Records for processing:

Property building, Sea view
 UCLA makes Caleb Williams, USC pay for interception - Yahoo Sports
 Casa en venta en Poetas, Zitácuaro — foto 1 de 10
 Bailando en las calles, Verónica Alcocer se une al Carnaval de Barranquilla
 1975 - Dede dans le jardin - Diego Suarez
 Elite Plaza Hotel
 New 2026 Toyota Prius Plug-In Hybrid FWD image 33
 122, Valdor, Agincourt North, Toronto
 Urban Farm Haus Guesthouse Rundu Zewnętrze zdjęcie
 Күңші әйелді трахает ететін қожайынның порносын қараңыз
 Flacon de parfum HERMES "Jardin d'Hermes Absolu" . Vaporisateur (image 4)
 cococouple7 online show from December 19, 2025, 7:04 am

Instructions to follow:
Each line of the data has to be written out exactly as it appears.

Answer for this exercise:
Property building, Sea view
 UCLA makes Caleb Williams, USC pay for interception - Yahoo Sports
 Casa en venta en Poetas, Zitácuaro — foto 1 de 10
 Bailando en las calles, Verónica Alcocer se une al Carnaval de Barranquilla
 1975 - Dede dans le jardin - Diego Suarez
 Elite Plaza Hotel
 New 2026 Toyota Prius Plug-In Hybrid FWD image 33
 122, Valdor, Agincourt North, Toronto
 Urban Farm Haus Guesthouse Rundu Zewnętrze zdjęcie
 Күңші әйелді трахает ететін қожайынның порносын қараңыз
 Flacon de parfum HERMES "Jardin d'Hermes Absolu" . Vaporisateur (image 4)
 cococouple7 online show from December 19, 2025, 7:04 am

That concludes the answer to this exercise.